Write out, word for word, every line in the data below from the one containing "SOLD - Danelectro" to the one containing "Merino Wool Cable", both of them included.

[[ Dataset entries, beginning ]]

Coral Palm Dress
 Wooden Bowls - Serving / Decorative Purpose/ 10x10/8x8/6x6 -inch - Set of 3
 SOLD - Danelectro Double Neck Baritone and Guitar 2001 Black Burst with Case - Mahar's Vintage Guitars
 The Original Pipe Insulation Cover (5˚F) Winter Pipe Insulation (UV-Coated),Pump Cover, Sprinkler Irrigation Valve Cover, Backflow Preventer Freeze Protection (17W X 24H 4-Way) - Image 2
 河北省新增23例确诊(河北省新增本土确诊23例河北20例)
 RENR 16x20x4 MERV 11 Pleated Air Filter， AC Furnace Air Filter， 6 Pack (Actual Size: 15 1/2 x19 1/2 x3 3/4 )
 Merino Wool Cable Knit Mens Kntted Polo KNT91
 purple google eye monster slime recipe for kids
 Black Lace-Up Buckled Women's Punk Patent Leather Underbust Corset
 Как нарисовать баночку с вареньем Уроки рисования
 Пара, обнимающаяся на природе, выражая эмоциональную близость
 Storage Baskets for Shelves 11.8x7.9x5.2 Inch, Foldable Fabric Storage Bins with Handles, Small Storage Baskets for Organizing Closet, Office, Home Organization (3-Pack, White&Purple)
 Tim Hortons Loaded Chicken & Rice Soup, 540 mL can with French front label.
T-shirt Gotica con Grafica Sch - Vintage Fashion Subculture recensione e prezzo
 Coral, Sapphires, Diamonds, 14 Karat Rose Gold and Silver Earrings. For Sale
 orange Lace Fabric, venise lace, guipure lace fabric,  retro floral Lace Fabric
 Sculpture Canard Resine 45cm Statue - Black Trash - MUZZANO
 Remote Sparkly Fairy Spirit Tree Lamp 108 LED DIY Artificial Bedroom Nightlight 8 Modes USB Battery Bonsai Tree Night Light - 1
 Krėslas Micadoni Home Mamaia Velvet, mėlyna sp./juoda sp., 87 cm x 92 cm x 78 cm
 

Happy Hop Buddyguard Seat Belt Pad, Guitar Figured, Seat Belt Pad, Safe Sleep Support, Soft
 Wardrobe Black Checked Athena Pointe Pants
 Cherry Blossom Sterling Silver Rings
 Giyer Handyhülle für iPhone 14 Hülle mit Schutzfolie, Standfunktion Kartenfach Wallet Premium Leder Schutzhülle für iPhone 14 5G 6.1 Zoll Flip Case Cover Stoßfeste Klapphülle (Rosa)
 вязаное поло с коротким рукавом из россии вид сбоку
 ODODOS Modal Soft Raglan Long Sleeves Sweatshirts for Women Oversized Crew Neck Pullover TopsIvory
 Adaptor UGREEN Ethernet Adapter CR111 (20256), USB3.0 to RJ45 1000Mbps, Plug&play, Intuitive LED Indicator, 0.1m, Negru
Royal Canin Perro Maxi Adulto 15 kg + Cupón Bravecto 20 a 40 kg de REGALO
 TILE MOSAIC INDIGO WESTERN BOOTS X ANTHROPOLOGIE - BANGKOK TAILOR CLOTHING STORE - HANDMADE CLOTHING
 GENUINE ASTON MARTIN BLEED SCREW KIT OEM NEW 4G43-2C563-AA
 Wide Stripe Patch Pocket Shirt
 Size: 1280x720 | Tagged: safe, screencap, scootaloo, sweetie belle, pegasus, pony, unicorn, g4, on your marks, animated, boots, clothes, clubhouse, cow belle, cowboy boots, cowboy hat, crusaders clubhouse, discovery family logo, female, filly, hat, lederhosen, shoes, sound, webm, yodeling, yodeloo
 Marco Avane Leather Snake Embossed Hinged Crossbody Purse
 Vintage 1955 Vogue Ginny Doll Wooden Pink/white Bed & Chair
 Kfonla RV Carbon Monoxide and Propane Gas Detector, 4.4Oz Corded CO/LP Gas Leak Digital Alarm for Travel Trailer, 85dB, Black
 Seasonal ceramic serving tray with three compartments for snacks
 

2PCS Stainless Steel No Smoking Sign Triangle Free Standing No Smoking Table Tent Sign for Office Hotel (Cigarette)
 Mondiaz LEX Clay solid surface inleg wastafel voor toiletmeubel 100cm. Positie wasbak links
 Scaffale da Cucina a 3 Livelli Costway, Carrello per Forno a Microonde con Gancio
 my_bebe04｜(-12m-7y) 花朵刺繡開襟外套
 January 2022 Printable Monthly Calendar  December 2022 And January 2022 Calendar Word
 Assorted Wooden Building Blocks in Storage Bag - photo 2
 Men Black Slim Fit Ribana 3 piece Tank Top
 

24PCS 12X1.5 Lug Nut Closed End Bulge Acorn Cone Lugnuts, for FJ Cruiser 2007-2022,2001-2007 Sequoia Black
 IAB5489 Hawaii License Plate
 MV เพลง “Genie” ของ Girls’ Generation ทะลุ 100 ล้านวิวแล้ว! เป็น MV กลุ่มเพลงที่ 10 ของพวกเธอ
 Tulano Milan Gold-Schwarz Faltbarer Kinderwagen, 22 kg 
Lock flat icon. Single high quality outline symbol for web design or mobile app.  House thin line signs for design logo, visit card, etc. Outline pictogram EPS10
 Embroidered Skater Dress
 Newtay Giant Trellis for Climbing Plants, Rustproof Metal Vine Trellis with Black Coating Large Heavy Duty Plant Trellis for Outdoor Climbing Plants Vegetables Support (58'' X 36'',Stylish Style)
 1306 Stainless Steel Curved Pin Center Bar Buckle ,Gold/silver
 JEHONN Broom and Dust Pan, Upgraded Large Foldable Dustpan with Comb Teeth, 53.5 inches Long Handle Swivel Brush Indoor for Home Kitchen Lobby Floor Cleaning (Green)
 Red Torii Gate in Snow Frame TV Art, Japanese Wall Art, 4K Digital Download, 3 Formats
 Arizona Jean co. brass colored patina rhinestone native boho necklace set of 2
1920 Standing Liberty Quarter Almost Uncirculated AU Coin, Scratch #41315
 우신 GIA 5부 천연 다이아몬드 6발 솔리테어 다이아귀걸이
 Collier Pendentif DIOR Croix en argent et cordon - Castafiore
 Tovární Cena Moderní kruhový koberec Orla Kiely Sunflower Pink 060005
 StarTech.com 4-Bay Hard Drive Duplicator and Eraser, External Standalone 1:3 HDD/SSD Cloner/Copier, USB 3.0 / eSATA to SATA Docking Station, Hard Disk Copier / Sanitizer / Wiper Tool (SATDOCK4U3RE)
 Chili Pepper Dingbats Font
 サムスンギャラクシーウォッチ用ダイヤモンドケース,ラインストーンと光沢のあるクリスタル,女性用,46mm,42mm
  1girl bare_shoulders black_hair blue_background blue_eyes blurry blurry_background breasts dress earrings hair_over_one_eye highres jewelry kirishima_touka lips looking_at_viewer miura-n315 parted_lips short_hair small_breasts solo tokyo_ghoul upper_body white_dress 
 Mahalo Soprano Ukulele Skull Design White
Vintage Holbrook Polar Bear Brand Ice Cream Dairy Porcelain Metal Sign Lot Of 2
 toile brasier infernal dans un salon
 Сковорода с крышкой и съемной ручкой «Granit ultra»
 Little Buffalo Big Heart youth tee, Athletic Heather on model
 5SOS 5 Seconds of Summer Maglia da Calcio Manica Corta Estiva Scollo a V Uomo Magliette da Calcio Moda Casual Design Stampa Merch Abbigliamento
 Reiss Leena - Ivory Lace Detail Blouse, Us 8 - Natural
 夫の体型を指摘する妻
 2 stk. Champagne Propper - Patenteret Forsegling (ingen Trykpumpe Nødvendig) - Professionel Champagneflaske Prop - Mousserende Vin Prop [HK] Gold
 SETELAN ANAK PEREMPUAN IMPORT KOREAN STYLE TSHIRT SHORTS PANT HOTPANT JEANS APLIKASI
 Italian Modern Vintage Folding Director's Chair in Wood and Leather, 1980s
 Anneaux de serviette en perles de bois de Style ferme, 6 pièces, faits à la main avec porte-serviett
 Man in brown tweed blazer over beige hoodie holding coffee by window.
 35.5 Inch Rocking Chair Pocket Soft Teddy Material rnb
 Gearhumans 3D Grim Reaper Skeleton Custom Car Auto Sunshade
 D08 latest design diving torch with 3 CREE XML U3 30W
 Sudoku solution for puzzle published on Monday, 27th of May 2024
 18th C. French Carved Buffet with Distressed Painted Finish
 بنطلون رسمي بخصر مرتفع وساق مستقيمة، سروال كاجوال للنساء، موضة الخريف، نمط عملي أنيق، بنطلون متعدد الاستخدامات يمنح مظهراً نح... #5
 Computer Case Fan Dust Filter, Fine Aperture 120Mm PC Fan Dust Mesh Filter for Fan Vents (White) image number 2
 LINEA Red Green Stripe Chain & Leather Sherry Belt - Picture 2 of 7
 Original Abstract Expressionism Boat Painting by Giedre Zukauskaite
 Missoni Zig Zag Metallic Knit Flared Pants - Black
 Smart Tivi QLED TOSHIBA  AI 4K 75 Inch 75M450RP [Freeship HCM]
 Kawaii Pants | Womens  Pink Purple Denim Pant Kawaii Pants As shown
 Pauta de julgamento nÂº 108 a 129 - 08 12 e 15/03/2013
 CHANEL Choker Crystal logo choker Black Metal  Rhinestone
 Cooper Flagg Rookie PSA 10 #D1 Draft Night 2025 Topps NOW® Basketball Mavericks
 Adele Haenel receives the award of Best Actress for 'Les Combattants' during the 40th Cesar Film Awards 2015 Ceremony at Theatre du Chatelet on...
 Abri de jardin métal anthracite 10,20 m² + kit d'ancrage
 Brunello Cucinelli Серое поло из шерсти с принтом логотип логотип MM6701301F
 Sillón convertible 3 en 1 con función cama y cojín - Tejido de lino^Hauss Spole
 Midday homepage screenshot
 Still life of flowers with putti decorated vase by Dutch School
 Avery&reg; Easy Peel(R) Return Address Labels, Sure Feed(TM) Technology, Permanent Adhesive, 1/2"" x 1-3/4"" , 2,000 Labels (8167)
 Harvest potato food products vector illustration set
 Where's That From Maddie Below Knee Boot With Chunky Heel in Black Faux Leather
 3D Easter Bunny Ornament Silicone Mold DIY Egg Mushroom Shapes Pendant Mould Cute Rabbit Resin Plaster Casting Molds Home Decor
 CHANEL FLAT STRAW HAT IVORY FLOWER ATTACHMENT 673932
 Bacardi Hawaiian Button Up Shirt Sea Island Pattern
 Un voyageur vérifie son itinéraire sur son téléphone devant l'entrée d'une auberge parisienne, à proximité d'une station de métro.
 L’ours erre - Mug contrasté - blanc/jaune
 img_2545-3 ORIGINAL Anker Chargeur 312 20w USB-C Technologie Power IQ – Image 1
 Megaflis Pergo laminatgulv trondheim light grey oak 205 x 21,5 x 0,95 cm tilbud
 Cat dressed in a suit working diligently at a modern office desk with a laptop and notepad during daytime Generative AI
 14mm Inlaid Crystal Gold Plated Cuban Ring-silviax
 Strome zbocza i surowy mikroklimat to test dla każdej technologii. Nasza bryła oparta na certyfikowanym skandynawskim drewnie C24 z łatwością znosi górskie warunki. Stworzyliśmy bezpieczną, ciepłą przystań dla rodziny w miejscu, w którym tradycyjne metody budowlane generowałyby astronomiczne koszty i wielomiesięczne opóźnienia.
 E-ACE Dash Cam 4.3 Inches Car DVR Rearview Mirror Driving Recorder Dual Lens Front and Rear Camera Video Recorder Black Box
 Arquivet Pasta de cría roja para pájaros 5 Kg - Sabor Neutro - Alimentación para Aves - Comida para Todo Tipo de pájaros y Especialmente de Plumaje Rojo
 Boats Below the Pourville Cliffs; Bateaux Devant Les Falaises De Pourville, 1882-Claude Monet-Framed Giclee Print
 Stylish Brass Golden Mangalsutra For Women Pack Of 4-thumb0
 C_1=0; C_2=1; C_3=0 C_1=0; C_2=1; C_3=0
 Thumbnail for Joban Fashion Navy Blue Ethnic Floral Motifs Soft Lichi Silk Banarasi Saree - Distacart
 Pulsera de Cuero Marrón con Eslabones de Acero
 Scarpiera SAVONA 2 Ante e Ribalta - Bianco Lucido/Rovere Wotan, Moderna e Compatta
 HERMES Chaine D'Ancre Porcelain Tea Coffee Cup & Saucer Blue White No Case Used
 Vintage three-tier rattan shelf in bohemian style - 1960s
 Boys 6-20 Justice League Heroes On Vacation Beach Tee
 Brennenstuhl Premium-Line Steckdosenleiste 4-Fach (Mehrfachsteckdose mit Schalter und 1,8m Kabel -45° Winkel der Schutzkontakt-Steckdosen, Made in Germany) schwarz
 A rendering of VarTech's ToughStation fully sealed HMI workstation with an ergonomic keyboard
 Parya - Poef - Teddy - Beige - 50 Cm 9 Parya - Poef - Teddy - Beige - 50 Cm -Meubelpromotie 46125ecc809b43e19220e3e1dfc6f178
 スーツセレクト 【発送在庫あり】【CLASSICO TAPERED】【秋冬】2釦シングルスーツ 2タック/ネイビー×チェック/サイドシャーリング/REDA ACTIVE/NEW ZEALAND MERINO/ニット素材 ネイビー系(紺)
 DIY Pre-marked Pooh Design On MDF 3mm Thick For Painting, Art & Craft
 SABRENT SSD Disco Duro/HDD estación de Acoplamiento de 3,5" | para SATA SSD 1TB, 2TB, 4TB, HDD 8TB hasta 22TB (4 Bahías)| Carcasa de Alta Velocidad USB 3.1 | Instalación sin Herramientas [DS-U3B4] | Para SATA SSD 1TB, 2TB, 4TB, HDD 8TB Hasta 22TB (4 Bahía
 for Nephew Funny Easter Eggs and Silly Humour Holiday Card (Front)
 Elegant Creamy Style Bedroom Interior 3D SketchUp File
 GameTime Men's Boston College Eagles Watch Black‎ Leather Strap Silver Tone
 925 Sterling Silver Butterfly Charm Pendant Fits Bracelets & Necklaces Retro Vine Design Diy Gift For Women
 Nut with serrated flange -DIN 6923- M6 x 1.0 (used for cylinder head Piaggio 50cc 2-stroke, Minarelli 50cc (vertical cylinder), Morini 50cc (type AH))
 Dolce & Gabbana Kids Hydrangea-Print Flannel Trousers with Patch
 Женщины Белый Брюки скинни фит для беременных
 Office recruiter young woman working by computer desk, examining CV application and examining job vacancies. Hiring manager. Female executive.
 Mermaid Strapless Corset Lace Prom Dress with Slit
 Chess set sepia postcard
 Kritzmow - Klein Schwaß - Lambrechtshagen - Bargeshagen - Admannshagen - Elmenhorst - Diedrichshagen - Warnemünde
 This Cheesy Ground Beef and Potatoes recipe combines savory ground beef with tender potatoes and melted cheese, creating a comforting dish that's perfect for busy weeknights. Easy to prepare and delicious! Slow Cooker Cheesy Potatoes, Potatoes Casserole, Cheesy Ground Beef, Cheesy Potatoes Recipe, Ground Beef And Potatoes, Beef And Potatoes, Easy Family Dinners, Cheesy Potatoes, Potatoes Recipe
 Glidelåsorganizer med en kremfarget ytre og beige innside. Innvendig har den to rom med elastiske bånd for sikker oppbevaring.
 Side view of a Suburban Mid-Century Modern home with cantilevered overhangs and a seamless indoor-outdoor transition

[[ Dataset entries, end ]]

◆ Response to this task ◆
 SOLD - Danelectro Double Neck Baritone and Guitar 2001 Black Burst with Case - Mahar's Vintage Guitars
 The Original Pipe Insulation Cover (5˚F) Winter Pipe Insulation (UV-Coated),Pump Cover, Sprinkler Irrigation Valve Cover, Backflow Preventer Freeze Protection (17W X 24H 4-Way) - Image 2
 河北省新增23例确诊(河北省新增本土确诊23例河北20例)
 RENR 16x20x4 MERV 11 Pleated Air Filter， AC Furnace Air Filter， 6 Pack (Actual Size: 15 1/2 x19 1/2 x3 3/4 )
 Merino Wool Cable Knit Mens Kntted Polo KNT91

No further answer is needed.